• _Work request_: Each line of the data that mentions the string "Western" needs to be identified and copied.

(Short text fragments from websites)
★ ★ ★ ★ ★ ★ ★
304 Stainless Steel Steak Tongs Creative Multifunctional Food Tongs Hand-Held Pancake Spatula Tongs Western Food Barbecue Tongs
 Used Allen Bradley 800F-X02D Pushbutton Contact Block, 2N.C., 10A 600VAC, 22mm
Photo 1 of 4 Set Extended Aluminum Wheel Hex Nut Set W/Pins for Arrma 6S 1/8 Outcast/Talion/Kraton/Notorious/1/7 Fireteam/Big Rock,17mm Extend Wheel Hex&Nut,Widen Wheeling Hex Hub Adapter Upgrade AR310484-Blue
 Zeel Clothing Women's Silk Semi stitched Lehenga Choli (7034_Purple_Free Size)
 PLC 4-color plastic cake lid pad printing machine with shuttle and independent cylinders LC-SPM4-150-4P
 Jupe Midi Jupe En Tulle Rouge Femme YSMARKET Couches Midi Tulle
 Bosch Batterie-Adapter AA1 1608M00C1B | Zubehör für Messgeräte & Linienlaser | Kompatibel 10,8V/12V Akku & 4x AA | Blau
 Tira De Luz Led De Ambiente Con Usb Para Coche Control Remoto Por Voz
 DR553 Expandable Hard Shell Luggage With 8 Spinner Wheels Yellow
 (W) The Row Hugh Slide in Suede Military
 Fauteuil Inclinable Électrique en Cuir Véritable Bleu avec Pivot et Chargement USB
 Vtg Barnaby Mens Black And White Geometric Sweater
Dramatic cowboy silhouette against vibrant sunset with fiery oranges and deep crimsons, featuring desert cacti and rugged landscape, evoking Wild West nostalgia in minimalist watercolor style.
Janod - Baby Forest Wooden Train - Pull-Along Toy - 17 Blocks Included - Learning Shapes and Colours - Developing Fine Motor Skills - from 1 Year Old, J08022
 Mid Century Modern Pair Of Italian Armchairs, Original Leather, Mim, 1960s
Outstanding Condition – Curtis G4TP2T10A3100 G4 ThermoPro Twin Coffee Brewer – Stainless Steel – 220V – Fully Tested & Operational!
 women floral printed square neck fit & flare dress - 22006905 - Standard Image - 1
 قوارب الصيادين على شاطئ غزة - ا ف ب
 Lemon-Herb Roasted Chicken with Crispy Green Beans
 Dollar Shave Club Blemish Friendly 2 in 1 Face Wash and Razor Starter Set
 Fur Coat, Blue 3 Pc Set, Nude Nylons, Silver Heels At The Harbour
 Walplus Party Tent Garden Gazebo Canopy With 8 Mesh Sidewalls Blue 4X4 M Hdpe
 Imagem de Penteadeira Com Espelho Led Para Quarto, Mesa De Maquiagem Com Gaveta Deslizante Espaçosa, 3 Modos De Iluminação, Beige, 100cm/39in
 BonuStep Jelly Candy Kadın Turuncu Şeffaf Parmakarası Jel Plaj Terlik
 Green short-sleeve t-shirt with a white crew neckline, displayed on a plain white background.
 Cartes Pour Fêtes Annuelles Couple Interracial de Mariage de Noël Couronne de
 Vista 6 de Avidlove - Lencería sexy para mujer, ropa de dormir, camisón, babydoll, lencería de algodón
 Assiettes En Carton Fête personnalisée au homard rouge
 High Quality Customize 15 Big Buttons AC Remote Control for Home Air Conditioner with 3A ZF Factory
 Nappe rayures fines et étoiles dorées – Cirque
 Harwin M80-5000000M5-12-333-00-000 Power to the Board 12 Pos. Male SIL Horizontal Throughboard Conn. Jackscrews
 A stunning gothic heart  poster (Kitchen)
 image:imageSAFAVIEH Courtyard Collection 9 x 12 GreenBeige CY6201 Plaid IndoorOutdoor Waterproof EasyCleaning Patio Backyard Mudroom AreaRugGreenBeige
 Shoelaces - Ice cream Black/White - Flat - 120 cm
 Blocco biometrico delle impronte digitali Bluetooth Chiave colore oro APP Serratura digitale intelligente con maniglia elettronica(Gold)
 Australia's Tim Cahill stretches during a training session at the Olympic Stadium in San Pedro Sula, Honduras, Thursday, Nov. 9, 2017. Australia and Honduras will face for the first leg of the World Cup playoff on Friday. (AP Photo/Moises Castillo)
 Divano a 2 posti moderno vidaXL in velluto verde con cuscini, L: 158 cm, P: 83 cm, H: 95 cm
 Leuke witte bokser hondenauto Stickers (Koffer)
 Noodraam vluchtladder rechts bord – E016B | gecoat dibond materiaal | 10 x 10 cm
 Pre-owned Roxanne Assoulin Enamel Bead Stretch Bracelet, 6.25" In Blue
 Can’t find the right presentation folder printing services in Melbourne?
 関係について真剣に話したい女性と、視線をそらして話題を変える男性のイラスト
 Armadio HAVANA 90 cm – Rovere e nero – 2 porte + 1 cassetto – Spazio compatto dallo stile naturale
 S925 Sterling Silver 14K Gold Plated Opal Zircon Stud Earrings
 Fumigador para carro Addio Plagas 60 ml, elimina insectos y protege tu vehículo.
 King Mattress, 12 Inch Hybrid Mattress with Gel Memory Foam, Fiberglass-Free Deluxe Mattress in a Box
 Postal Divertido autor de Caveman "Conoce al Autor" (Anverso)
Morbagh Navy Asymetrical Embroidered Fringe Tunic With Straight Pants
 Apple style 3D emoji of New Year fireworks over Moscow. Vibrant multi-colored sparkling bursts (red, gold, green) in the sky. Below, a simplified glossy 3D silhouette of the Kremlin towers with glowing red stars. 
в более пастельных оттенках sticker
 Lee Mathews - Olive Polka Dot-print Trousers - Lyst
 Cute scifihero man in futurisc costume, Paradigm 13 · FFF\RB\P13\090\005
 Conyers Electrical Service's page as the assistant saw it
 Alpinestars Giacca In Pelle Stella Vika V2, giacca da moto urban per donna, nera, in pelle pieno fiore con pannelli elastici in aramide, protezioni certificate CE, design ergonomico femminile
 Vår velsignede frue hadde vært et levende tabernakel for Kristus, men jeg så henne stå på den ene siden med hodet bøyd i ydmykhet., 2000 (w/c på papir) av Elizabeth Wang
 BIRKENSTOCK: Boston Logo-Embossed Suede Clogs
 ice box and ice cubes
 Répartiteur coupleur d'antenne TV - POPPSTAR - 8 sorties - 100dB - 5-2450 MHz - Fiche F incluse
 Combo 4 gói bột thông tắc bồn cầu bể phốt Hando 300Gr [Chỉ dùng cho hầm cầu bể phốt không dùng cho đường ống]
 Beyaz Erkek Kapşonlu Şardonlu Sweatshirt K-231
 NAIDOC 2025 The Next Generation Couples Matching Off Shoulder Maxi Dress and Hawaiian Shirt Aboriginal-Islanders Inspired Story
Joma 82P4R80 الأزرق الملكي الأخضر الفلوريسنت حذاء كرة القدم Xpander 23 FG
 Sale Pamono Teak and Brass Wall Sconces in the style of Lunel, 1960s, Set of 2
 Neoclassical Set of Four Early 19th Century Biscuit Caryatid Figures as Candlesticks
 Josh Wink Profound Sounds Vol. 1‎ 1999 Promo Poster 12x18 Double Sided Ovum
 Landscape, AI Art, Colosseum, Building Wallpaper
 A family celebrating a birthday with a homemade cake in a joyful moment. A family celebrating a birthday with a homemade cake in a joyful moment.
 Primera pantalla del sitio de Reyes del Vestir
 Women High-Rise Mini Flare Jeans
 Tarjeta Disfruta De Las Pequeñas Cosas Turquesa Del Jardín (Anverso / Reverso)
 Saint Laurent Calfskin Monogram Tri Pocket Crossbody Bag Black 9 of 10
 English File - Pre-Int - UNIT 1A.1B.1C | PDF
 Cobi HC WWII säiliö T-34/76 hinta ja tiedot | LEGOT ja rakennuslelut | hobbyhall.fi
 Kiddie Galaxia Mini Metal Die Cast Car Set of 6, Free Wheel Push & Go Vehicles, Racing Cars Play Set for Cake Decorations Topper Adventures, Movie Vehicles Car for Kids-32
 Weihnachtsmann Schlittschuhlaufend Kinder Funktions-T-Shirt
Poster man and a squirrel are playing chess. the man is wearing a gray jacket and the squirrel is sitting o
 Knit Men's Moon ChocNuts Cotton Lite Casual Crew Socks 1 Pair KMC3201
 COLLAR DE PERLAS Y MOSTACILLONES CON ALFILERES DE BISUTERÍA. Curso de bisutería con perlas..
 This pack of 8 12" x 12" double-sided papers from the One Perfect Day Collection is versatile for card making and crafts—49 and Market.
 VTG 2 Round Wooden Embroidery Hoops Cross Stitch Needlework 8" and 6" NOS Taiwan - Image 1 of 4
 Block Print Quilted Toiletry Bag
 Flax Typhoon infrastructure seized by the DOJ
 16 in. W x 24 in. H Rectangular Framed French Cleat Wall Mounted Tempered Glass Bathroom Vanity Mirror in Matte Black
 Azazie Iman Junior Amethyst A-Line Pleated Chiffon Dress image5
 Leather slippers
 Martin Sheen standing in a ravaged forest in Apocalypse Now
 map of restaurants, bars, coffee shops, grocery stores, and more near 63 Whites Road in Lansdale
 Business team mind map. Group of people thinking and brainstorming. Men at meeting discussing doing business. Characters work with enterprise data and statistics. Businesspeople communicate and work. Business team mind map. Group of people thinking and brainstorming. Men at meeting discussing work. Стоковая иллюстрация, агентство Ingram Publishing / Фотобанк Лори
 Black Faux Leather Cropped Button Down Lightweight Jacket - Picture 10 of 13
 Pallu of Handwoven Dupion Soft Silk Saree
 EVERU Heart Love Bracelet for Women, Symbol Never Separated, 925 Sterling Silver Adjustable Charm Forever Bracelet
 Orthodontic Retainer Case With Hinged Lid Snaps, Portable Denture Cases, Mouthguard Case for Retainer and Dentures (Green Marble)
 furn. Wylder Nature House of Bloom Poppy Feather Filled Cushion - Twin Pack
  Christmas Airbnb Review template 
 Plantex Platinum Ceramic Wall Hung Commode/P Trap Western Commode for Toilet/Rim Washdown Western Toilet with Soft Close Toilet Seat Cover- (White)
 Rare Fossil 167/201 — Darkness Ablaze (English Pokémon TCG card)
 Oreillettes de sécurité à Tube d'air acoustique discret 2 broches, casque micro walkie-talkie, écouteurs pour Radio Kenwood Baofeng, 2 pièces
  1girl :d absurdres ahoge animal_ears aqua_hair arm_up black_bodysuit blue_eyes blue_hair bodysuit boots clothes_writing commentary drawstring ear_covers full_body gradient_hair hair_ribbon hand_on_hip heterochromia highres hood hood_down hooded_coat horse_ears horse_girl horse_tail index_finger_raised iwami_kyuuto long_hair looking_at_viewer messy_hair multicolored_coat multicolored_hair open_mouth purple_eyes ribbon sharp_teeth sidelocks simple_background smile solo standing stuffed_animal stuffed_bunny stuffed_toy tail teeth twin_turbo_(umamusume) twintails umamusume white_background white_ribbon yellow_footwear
★ ★ ★ ★ ★ ★ ★
• _Task response_:
304 Stainless Steel Steak Tongs Creative Multifunctional Food Tongs Hand-Held Pancake Spatula Tongs Western Food Barbecue Tongs
 Plantex Platinum Ceramic Wall Hung Commode/P Trap Western Commode for Toilet/Rim Washdown Western Toilet with Soft Close Toilet Seat Cover- (White)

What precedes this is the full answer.